So the big news from Holi is that a rave party outside Pune was busted and nearly 300 people were arrested.
I'm thinking that the palpable outrage would be somewhat subdued if these kids (or, according to the nut graf of The Hindu's front-page story, "250 youths, including 27 girls and 7 foreigners") hadn't been arrested for drug (from most accounts, ganja, hashish, and charas) offenses on a festival long known for its association with bhang, the equivalent of a pot milkshake -- there's even a government-sanctioned bhang shop in Jaisalmer.
I've just had to shut NDTV the hell off, because their nonstop coverage of the incident is insipid at best. Seriously, folks, what does it even mean if 91% of your viewers at 8:49 p.m. think that the rave and drug culture is taking hold among India's youth? It seems a bit counterproductive to try and extrapolate what this event means for a country of billions -- millions and millions of whom live on less than $2 a day, and millions and millions of whom could care less about the hip young BPO professionals and flight attendants, when they can't afford to buy onions because inflation is a bitch.

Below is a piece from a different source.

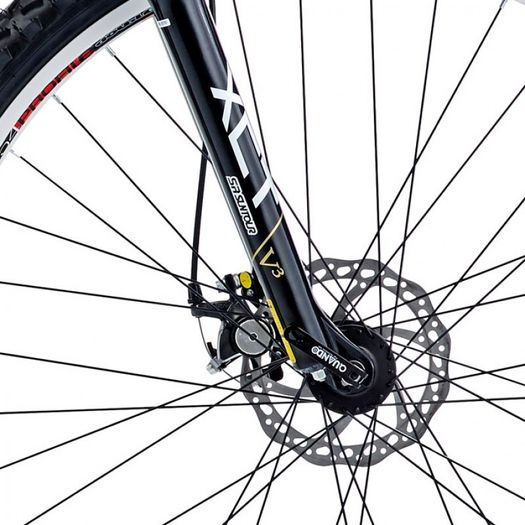 20" Coyote Causeway Gents Alloy FS Disc 29er, 24 Speed, White/Black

Amit Varma on the India Uncut blog makes a good point about how the news is being coopted to potentially punish a Web site (or Web sites) on which information about the party was available. And I think his argument can be made even larger: Although this could perhaps raise an interesting discussion on drug policy, the tension between "traditional" use of drugs and the commercialization of the drug trade, &c., it seems that people have found it more convenient to drone on and on about those wasteful, disillusioned youth seeking to tear down society by any means necessary. In case you haven't been following along? It's old hat, tiresome, sort of like listening to Thomas Friedman babble on about how flat the world is.